* **WHAT THE TASK REQUIRES**
Where a picture appears, leave it out, and transcribe all the lines below exactly.

== THE DATA ==

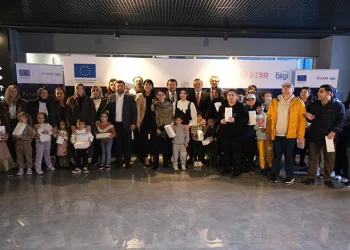 Bursa’da engel tanımayan bilim yolculuğu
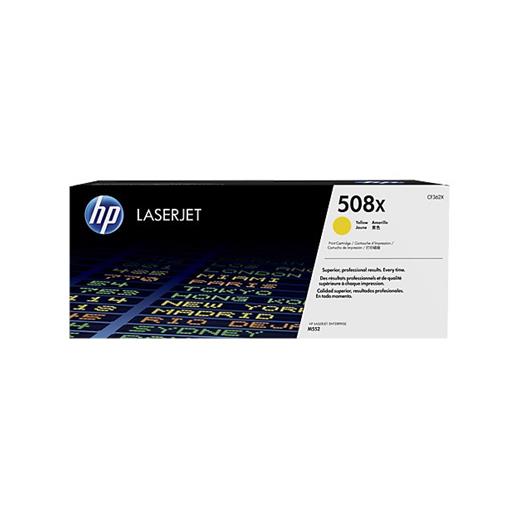 Hpcf362X - Hp Cf362X Yellow Toner Kartuş (508X)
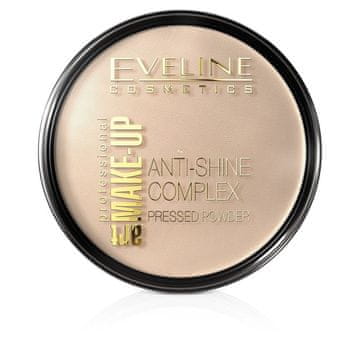 Eveline Cosmetics Eveline Art Professional Make-Up matirajoči mineralni puder v prahu 31 Transparent 14 g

===

* **ANSWER TO THE PROBLEM**
 Bursa’da engel tanımayan bilim yolculuğu
 Hpcf362X - Hp Cf362X Yellow Toner Kartuş (508X)
 Eveline Cosmetics Eveline Art Professional Make-Up matirajoči mineralni puder v prahu 31 Transparent 14 g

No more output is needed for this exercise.